> SUPPLIED MATERIAL

▬▬▬▬▬▬▬▬▬▬

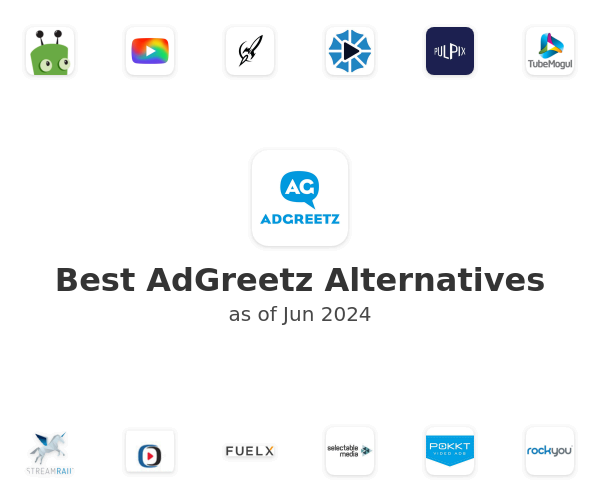 Best AdGreetz Alternatives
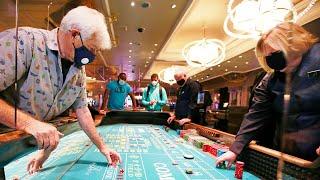 Las Vegas Celebrates City’s Reopening With Parties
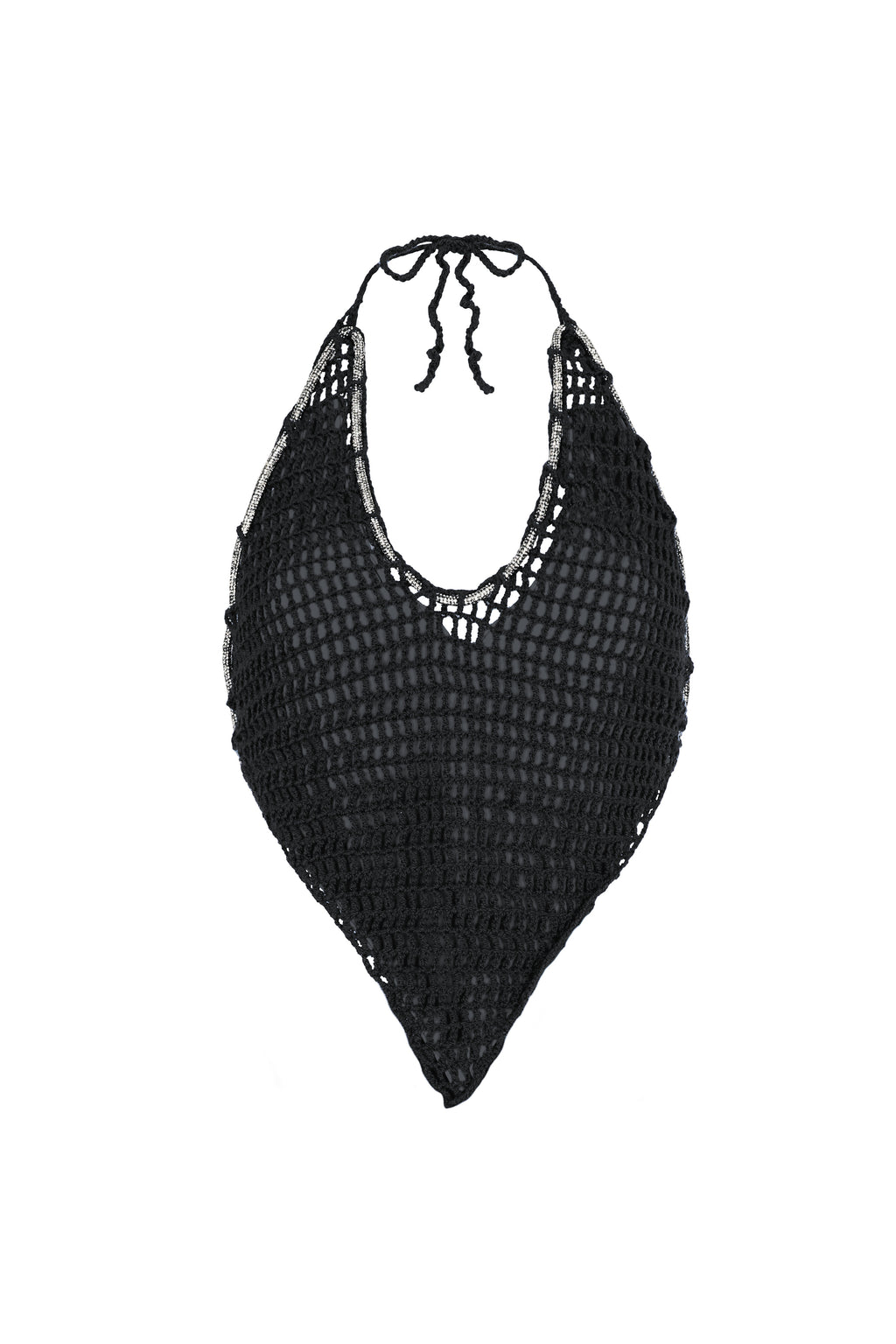 Aurora Top Black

▬▬▬▬▬▬▬▬▬▬

> WORK TO COMPLETE
Output the data verbatim, images excluded.

> ANSWER
 Best AdGreetz Alternatives
 Las Vegas Celebrates City’s Reopening With Parties
 Aurora Top Black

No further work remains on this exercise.